-------- LISTED RECORDS --------

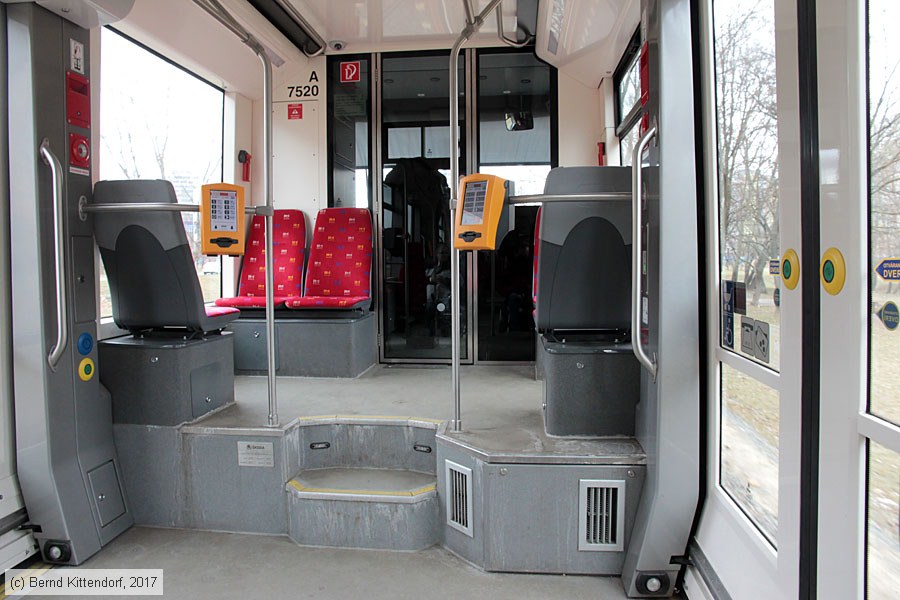 Straßenbahn Bratislava - 7520 - Innenansicht
/ Bild: bratislava7520_bk1702240255.jpg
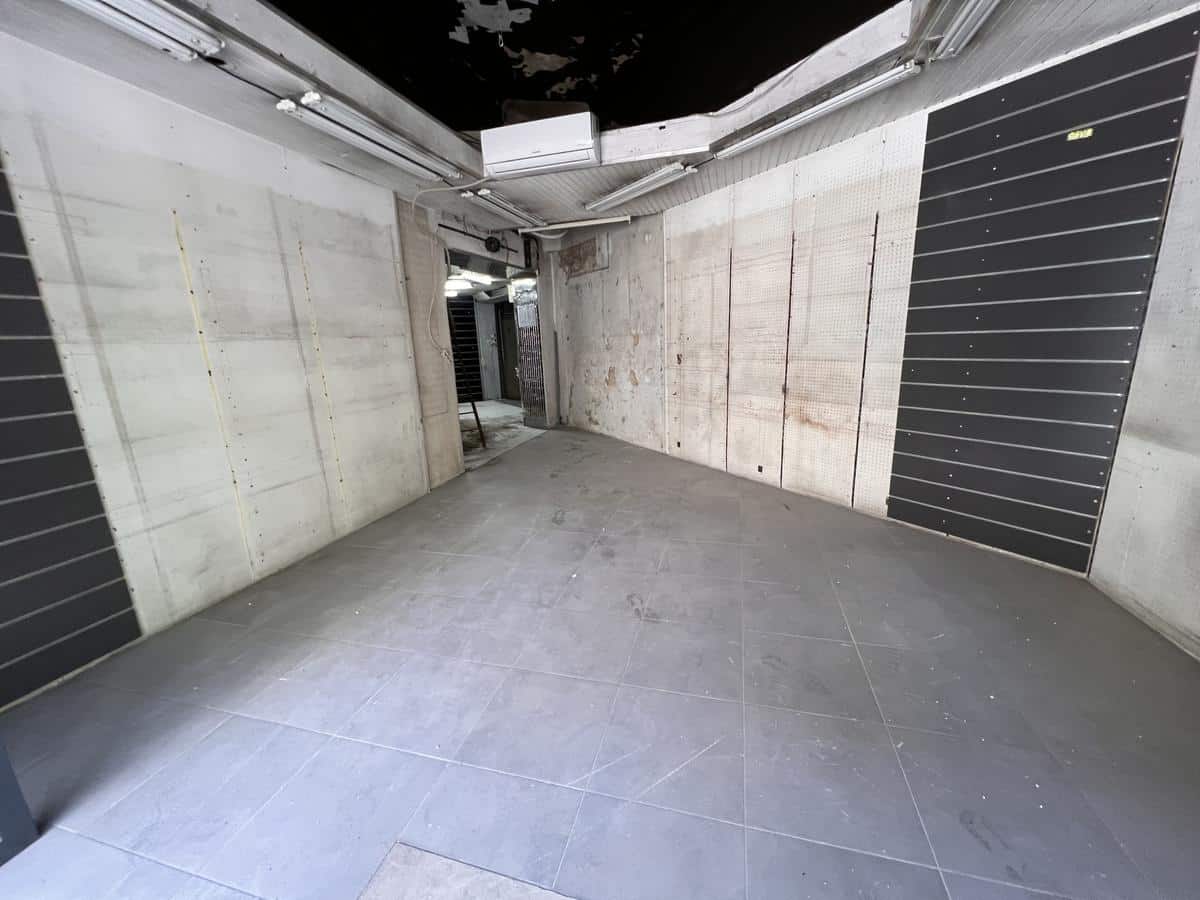 À LOUER Local commercial / professionnel 46,2 m2 Cours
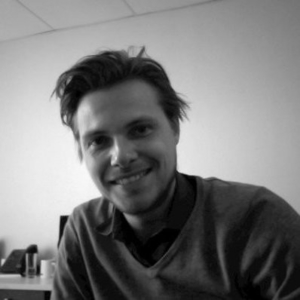 Adrien - Prof de marketing - Dijon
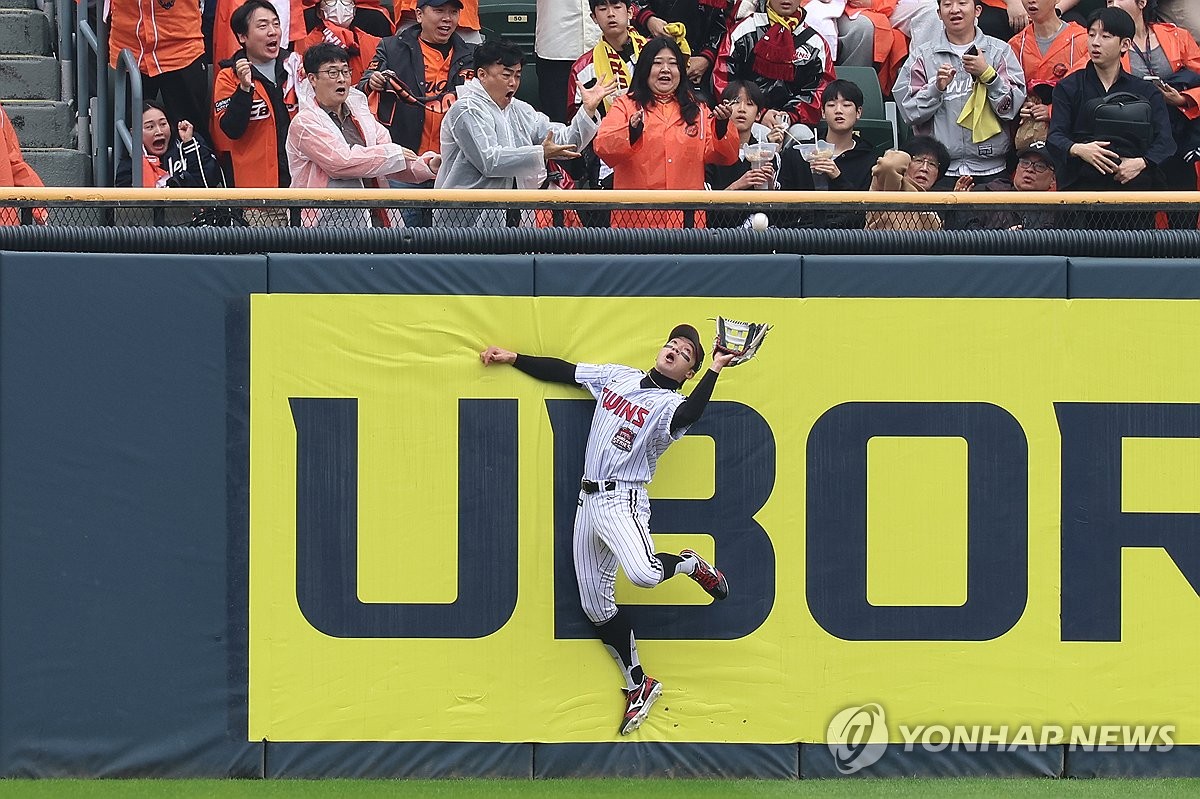 한화-LG <b>한국시리즈</b> 1차전 <b>매진</b>…프로야구 PS 33경기 연속 만원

--------

### DIRECTIONS
No picture should be included when the data are set down again exactly.

### THE ANSWER
 Straßenbahn Bratislava - 7520 - Innenansicht
/ Bild: bratislava7520_bk1702240255.jpg
 À LOUER Local commercial / professionnel 46,2 m2 Cours
 Adrien - Prof de marketing - Dijon
 한화-LG <b>한국시리즈</b> 1차전 <b>매진</b>…프로야구 PS 33경기 연속 만원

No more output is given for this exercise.